Theresa Schumacher didn’t have much interest in fly-fishing until Brad Pitt won her over.
“I saw ‘A River Runs Through It,’ and it kind of sparked my interest in fly-fishing,” Schumacher says.
With prodding from a friend, Schumacher joined the Medford-based Rogue FlyFishers Association and instantly she found a home before she ever cast a single fly.
“Anything you want to learn, you are going to find someone there who knows it and is willing to help you learn it,” Schumacher says.
The club traces its roots to the early 1970s, when fly angler Vern Hooker was unhappy with some fishing regulations on the upper Rogue River. He and Bill Leever Sr. discussed the possibility of organizing a club that became the Rogue FlyFishers in February 1971.
It had 35 charter members, and the first meeting was at the WeAskU Inn along the Rogue River Highway overlooking the Rogue near Grants Pass. Meeting places have bounced around over the years, including a lengthy stint at the now-long-gone Kim’s Restaurant on South Pacific Highway in Medford.
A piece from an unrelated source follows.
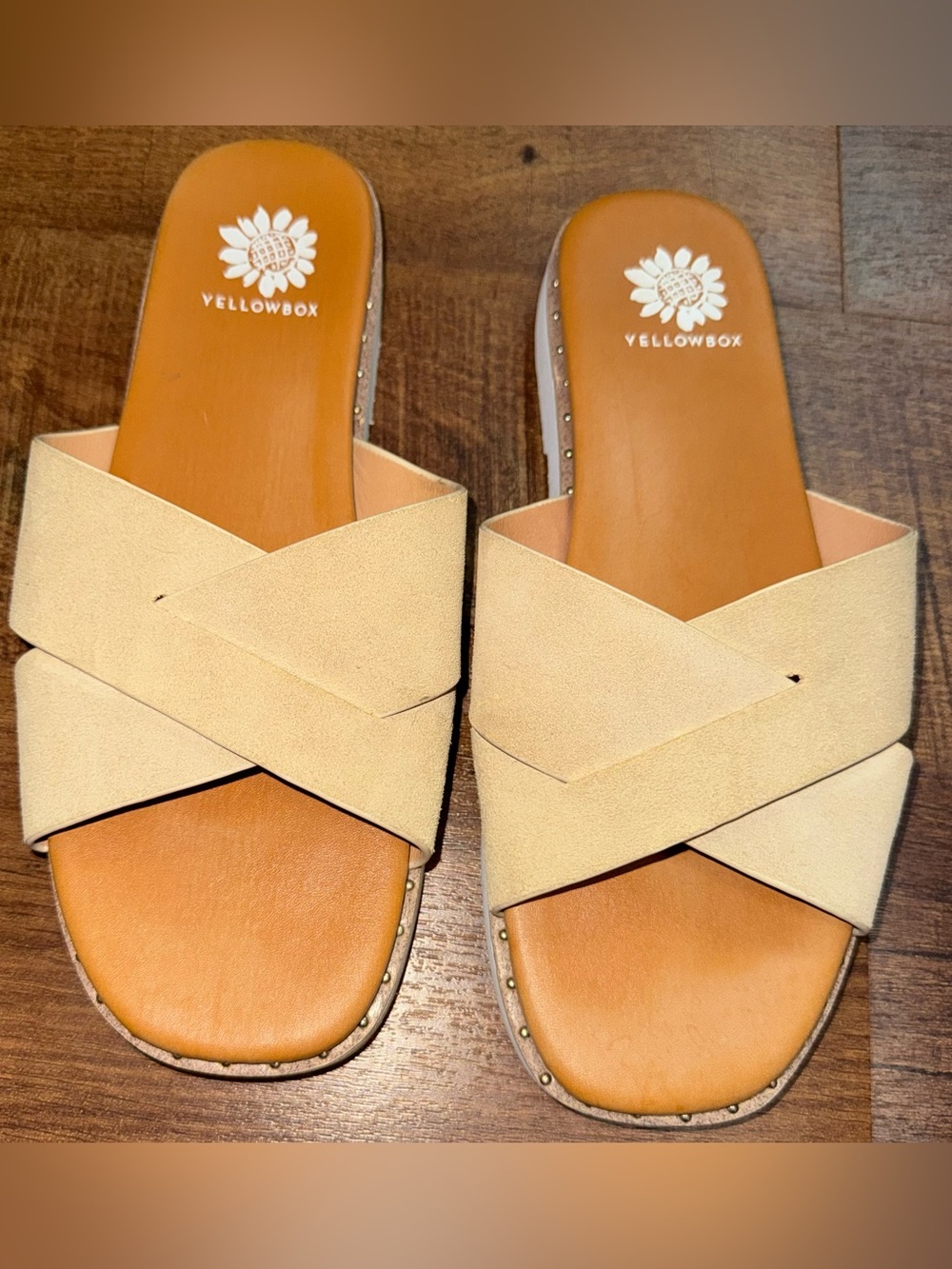 Yellow Box Tan Crisscross Slides 10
The organization currently meets the third Wednesday of every month at the Centennial Golf Club with a “wet fly” social hour, dinner, club business and presentations by guests ranging from outdoors authors, guides and conservationists.
The club keeps close ties to the Rogue Fly Tyers and Middle Rogue Steelheaders, two other Southern Oregon angling and fishing-related groups.
The club has about 180 members who pay $35 individual or $45 family memberships annually.
The Rogue FlyFishers is active in conservation and fishery-enhancement work, spearheading independent studies of insect health and water-quality in the upper Rogue — particularly around the city of Medford’s water-treatment plant and how it may impact insect and aquatic weeds.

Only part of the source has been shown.